The current federal act for infrastructure funding, called MAP 21, is set to expire on Sept. 30 of this year. It is critical for economic development, public safety and the quality of local communities that Congress finds a way to increase funding for all modes of transportation.
Local governments face severe limits on what we can do to support our infrastructure. While we are expected to maintain a larger share of the roadway system than state or federal governments, we have the most restrictions on the funds we can rely on to handle the increasing loads that our roads carry.
Fortunately, there are ways besides additional funding that we can look to as solutions to the threats to the quality of our local pavements. One such alternative is through greater use of intermodal transportation, especially of freight and heavy loads.

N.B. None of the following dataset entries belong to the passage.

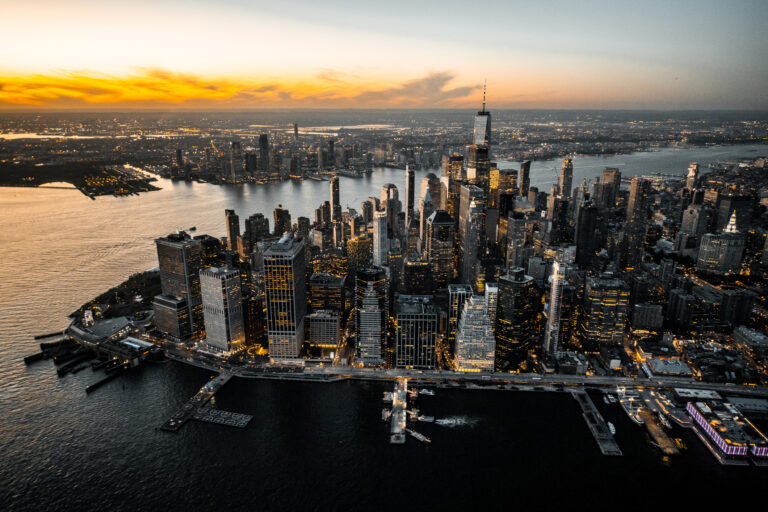 Aerial view of New York City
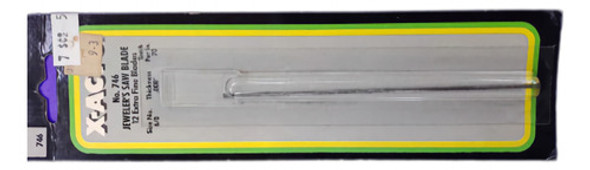 Hoja De Sierra X 5 X -acto /746/  Extra  Fina Grosor  0,08 0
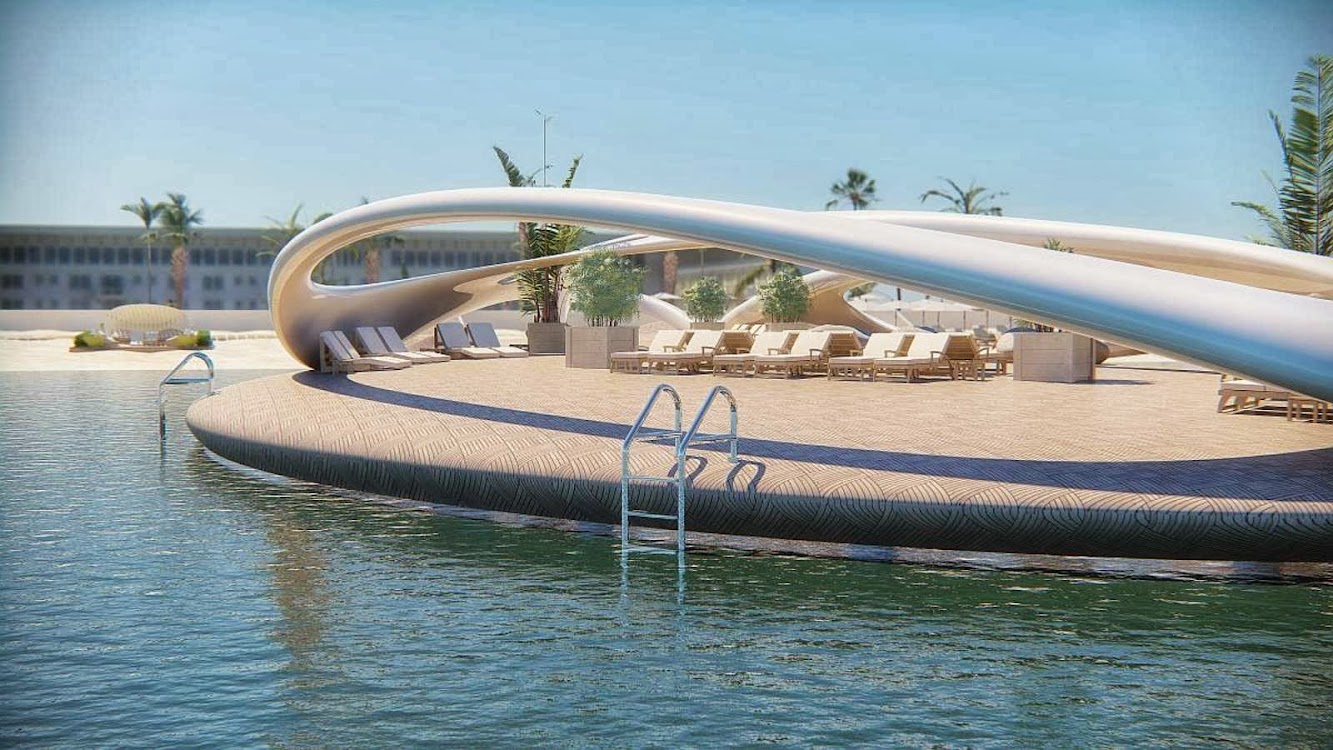Sennkka Pier Lounge by Nuvist Architecture and Design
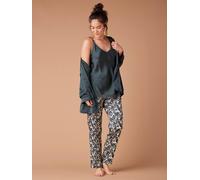 Ensemble 3 pièces homewear grossesse Envie de Fraise vert sapin 36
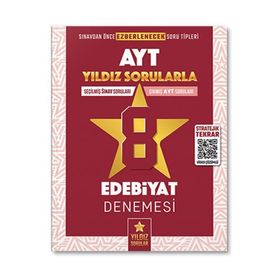 Kitap Yıldız Sorular AYT Edebiyat 8 Deneme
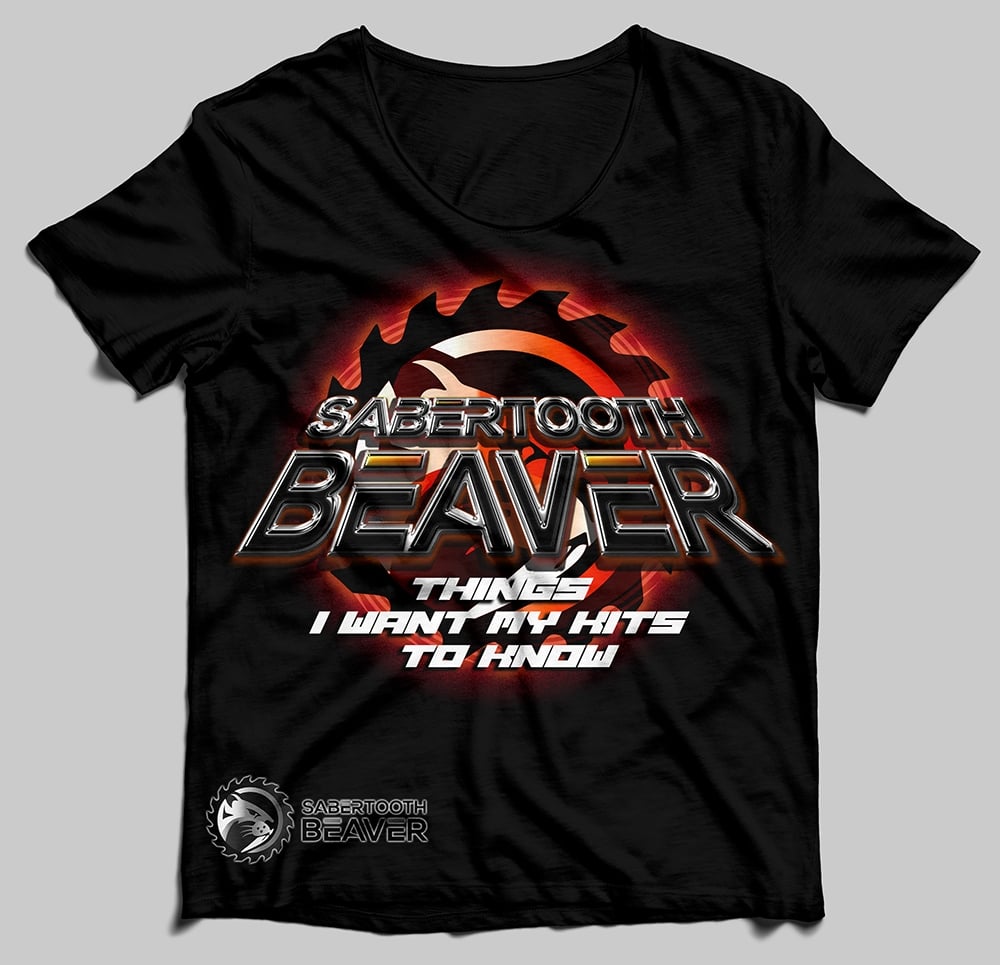 SABERTOOTH BEAVER logo design by MCXL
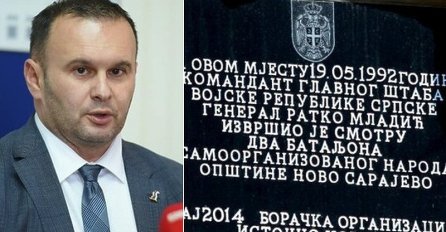 Gradonačelnik Istočnog Sarajeva: "Ubijeđen sam da Ratko Mladić nikoga nije ubio, ne postoji osoba i institucija koja će skinuti njegovu spomen-ploču na Vracama"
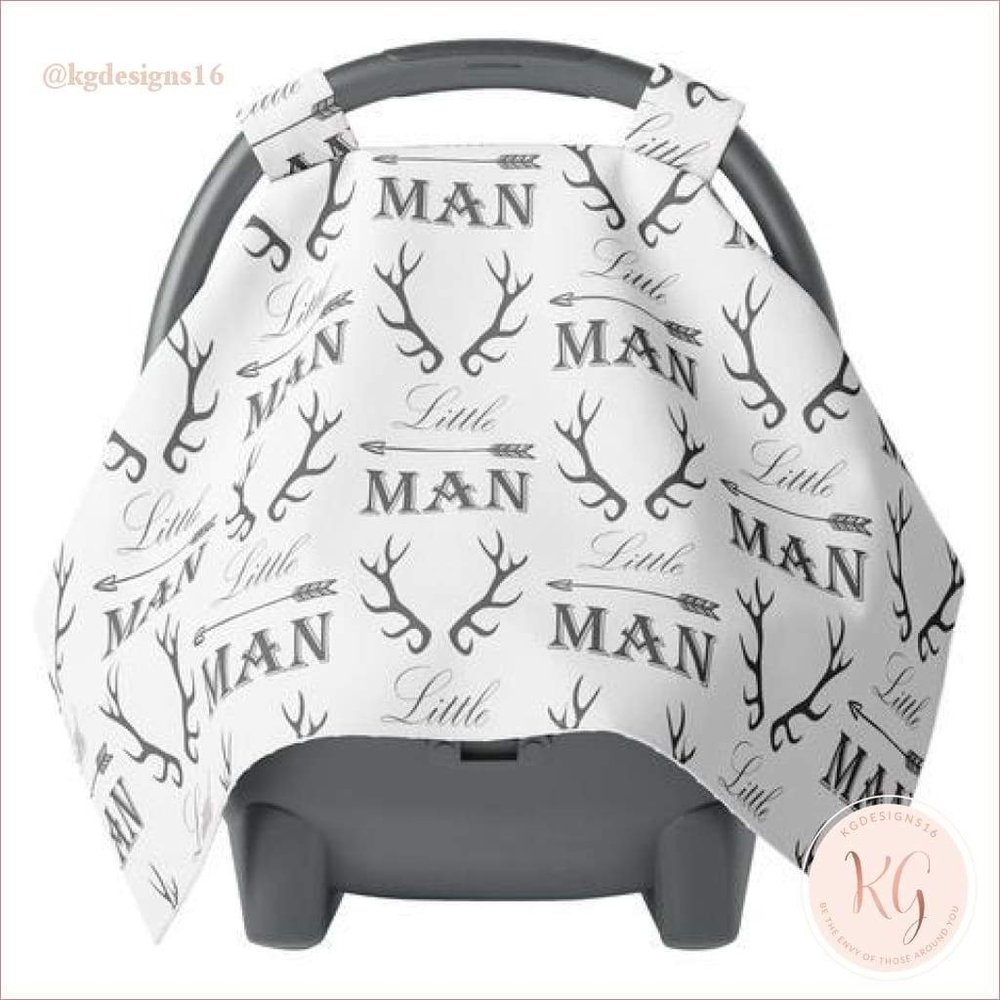 Little Man Carseat Canopy Cover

Intermodal means that we ship goods on different vehicles for different parts of trips the goods take. Although intermodal trips occur every day all around us, it’s good to point to an example. One example of such an intermodal event received media coverage in central Indiana just this month because of the unusual load involved.

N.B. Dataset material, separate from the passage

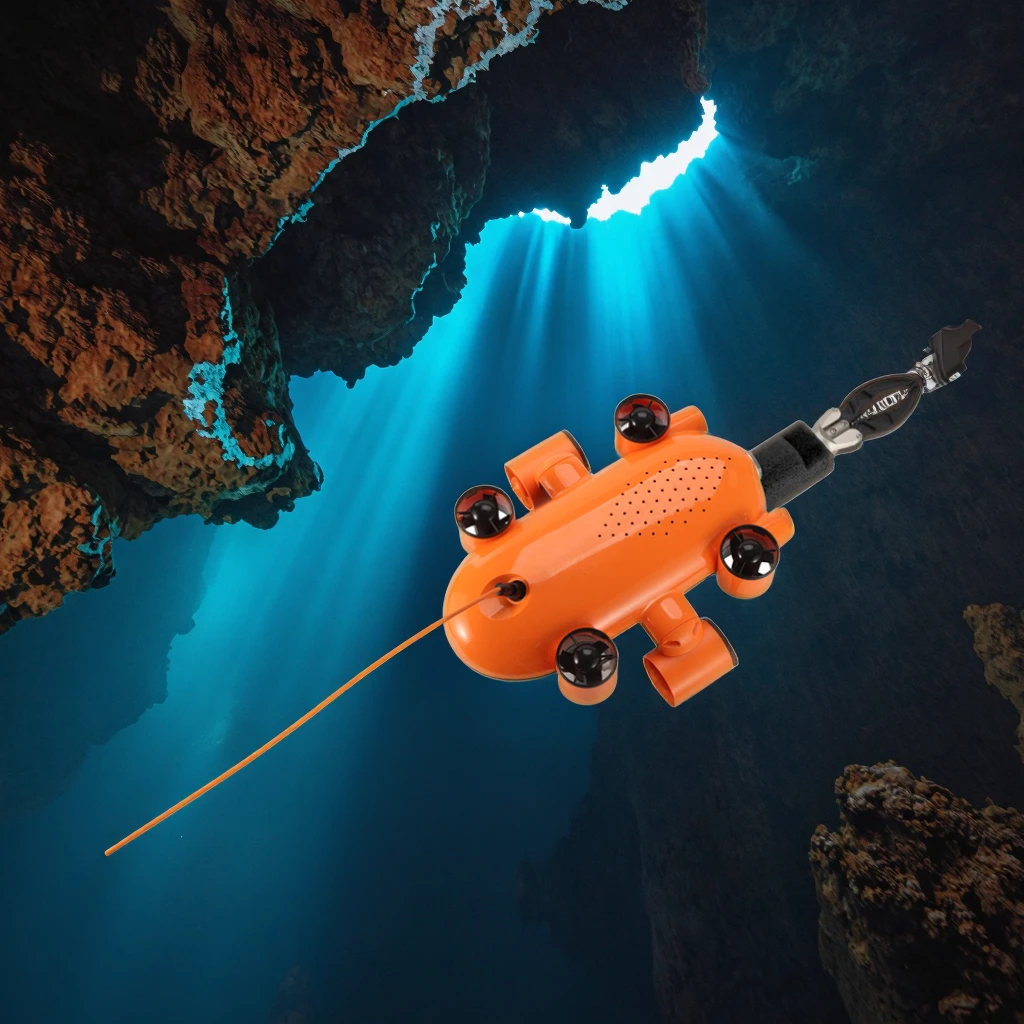 Expert 100m Underwater Camera Robot Submarinno Rov Underwater Drones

A 200-ton electric transformer traveled hundreds of miles from a factory in Wisconsin by rail, to be unloaded in Martinsville, Ind. Those miles of rail travel saved highways and local roads from having to carry such a load, and avoided wear and tear on the pavement; the rail was a more energy-efficient means of transportation as well. Once the transformer was within 15 miles of its final destination, it was transferred to a special multi-axle trailer and driven at 10 mph to a substation south of town.